This week when the 75th Congress of the U. S. assembled, those who looked down from the galleries could find few gaps in the ranks of Senate oldtimers. Of eleven Senators who at the close of the last session could claim the distinction of having occupied their seats before the U. S. entered the World War, most were again to be in their accustomed places. One, however, was certain to be conspicuous in absence. Neither Death nor defeat at the polls had accounted for him. Senator George William Norris of Nebraska was ''unavoidably detained."

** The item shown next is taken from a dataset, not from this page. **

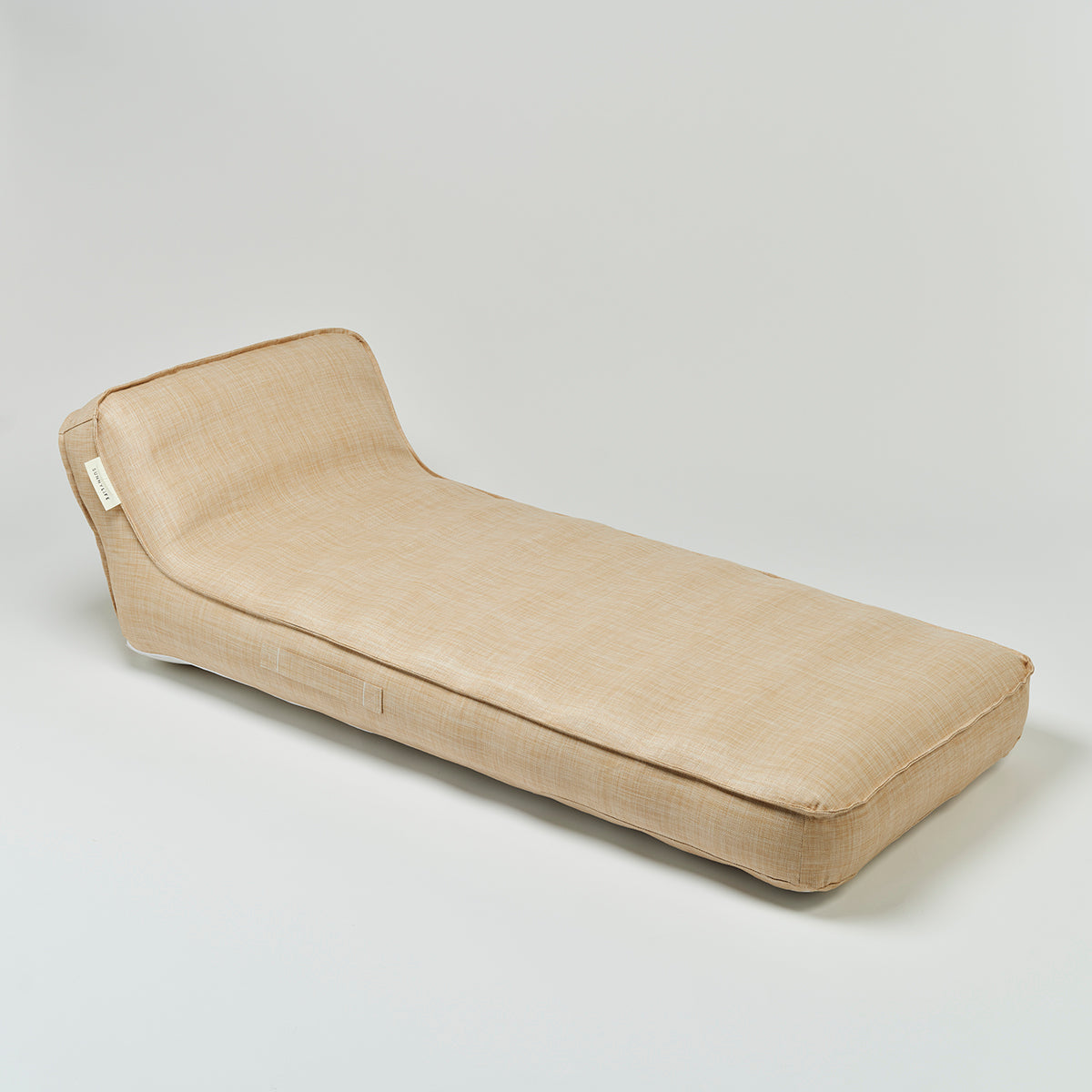 Luxe Lounger – Tierra Rattan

Senator Norris had something to do which he considered more important than attending the opening of Congress. All last week, while other Senators were assembling in Washington, in the little town of McCook on the Republican River in Redwillow County, Nebraska, George Norris took his usual walk from his house down to Floyd Hagenberger's barber shop to get his morning shave. From the barber shop he strolled as usual to the real-estate office of Carl Marsh, almost the only one of his cronies of bygone days with whom he still is intimate, for the rest have become critical of his philosophy as they have grown well-to-do while he has only grown famous. There in the real-estate office he sat as usual, passing the time of day with whoever dropped in.

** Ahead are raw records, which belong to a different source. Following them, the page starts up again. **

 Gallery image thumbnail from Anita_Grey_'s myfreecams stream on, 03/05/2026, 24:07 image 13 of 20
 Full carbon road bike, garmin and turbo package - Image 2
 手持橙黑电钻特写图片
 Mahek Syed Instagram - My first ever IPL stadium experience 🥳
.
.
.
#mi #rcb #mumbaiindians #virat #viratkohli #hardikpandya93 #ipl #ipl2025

But at the week's end came the annual change which has punctuated his life these 34 years past. At his home fronting on the park—a two-story stucco house with a lawn which the Senator diligently mows, with shrubs which he diligently clips— Mrs. Norris began wrapping the comfortable old-fashioned furniture in sheets, a handy man began nailing up the shutters. Only one thing was unusual. When the Norrises went to the railroad station and boarded a train on the Burlington, their tickets read not to Washington, D. C. but to Lincoln, Neb. George Norris was going this time to present to the people of Nebraska, "who have done so much for me," something "that will benefit them after I am dead, that will benefit their children after them": a unicameral Legislature.

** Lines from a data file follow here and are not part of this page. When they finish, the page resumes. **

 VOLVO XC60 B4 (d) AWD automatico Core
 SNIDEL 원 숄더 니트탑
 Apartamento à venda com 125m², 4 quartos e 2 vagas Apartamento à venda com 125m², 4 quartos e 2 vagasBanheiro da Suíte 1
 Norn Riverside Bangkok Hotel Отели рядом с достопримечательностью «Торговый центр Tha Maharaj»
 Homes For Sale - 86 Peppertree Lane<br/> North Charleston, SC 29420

Legacy. Nobody denies George Norris his full credit for winning a unicameral Legislature to his State, but he did not invent the idea. Three of the original 13 States—Pennsylvania, Vermont, Georgia —in their first constitutions adopted during the Revolution, created one-house Legislatures. Each was coupled with a council or board of censors which acted more or less as a separate house and generally complicated politics. Georgia kept the arrangement for 12 years, Pennsylvania for 14, Vermont until 1836. But the example of the British Parliament and later the U. S. Constitution, with two houses, one more or less representative of the population by numbers, the other representing the upper classes and the interests of States, soon set the fashion for all State Legislatures.

Not until just before the World War did the unicameral idea get under way. Between 1913 and 1917 the Governors of Arizona, California, Kansas, Minnesota, Washington and South Dakota all recommended it. Constitutional conventions in Ohio and New York toyed with it. The people voted it down in Oregon, Oklahoma, Arizona. In Nebraska a joint legislative committee recommended it in 1915, nothing was done.